22 de dezembro de 2014

Christmas.


    As aulas terminaram na sexta, não sem a entrega de um relatório a ser corrigido durante a época festiva. Já saí da faculdade tardíssimo, dado que estive a conversar com um professor. Descobri que a faculdade está sempre aberta, de noite, vinte e quatro sobre vinte e quatro horas, de portas fechadas para o exterior. Há professores que ficam lá dentro... Há quatro anos que lá estou e só agora o soube. Curioso.

    O Natal será com a mãe e o meu irmão. Apenas os três. À semelhança do ano passado, a mãe atendeu ao meu pedido de não nos juntarmos com qualquer outro familiar, a não ser a minha irmã, que por sua vez passará com a família do marido.
    Lá tive de lhes comprar uns presentes. Não que desgoste presentear os que me são mais próximos. Nada disso. Apenas pelo simples facto de querer, este ano, e pela primeiríssima vez, evitar centros comerciais.

     Passei pelo El Corte Inglés. Para o meu irmão, comprei um perfume. À mãe, um relógio. Ela gosta e tem imensos. Animou-me andar por lá, sentir a azáfama, a alegria das pessoas. Ouvir, inevitavelmente, as suas conversas nos elevadores, nos corredores. Muito embora me sentisse só. Por momentos, tinha setenta anos. Já não era jovem, agradável à vista, não suscitava qualquer reacção nos outros, preparando-me para uma consoada vazia. Recordava-me de amigos falecidos, alguns da blogosfera, e era tolhido por uma dor e uma solidão devastadoras. Parecia um pesadelo desperto. Tive de molhar o rosto e acalmar-me um pouco.

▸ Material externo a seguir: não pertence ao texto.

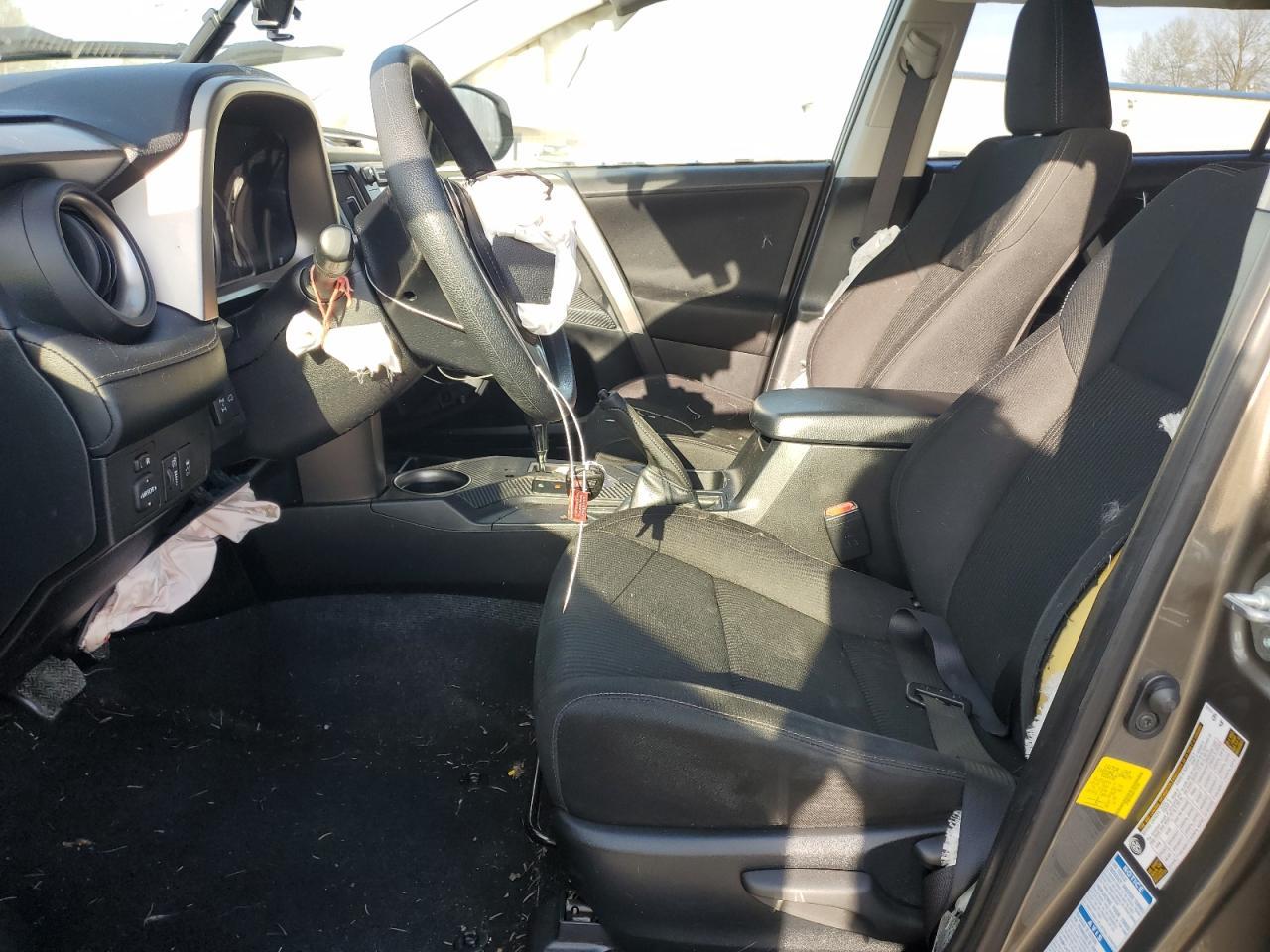 2015 TOYOTA RAV4 XLE - Фото 7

  Um livro é sempre um bom amigo. Nada queria comprar para mim. Entretanto, vi um livrito historiográfico, A Vida na Corte Portuguesa, de José Barata, que me interessou.
     O balcão dos embrulhos, este ano, ficou no piso térreo, por fora. Uma moça fez-me os embrulhos e reparou que não estava muito bem. Perguntou-me, num assomo de atrevimento/compaixão: "Que cara é essa?". Apenas consegui sorrir. Achei despropositado dizer algo. Não faria sentido.

      Lanchei no piso superior e depressa voltei para casa. Depositei os presentinhos aos pés da árvore.
      Será um Natal no recato do lar.